#### [Dataset content]
==========

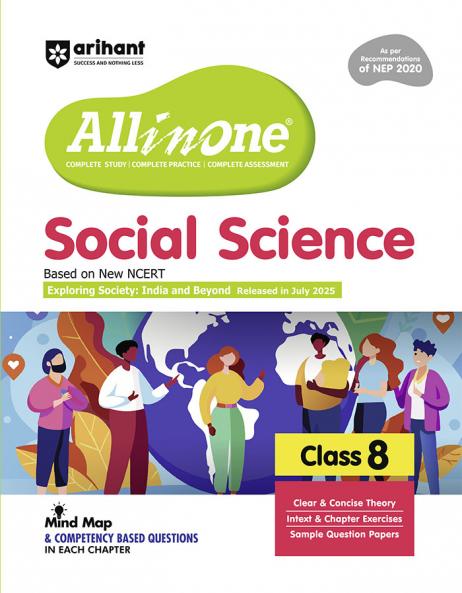 CBSE All in One Social Science Class 8 Exam 2025â€“26 | Sample Question Papers |  Based on New NCERT Released in July 2025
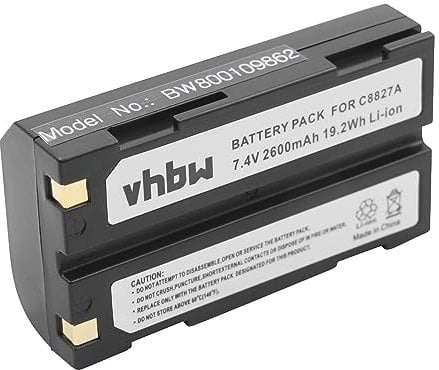 Batterie Li-ION vhbw 2600mAh (7.4V) pour Moli MCR-1821I, MCR-1821J, MCR-1821J/1, MCR-1821J/1-H, MCR1821 Remplace: D-Li1, C8872A.
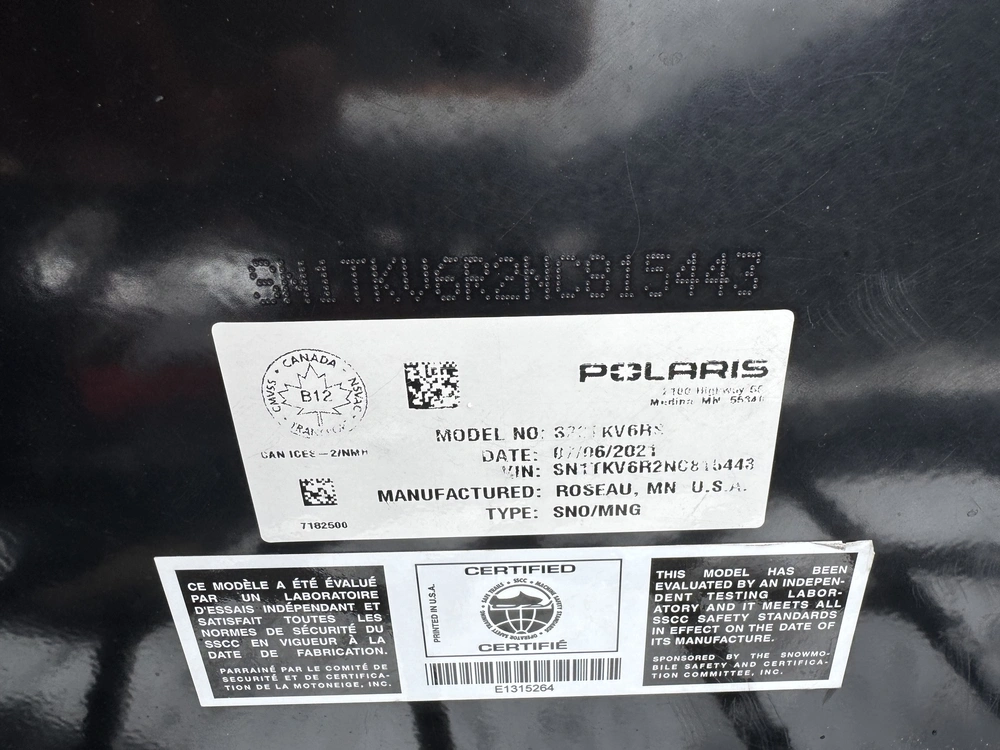 2022 Polaris 650 Indy Vr1 129 alt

==========

Take the preceding listing and transcribe it exactly, skipping the pictures.

 CBSE All in One Social Science Class 8 Exam 2025â€“26 | Sample Question Papers |  Based on New NCERT Released in July 2025
 Batterie Li-ION vhbw 2600mAh (7.4V) pour Moli MCR-1821I, MCR-1821J, MCR-1821J/1, MCR-1821J/1-H, MCR1821 Remplace: D-Li1, C8872A.
 2022 Polaris 650 Indy Vr1 129 alt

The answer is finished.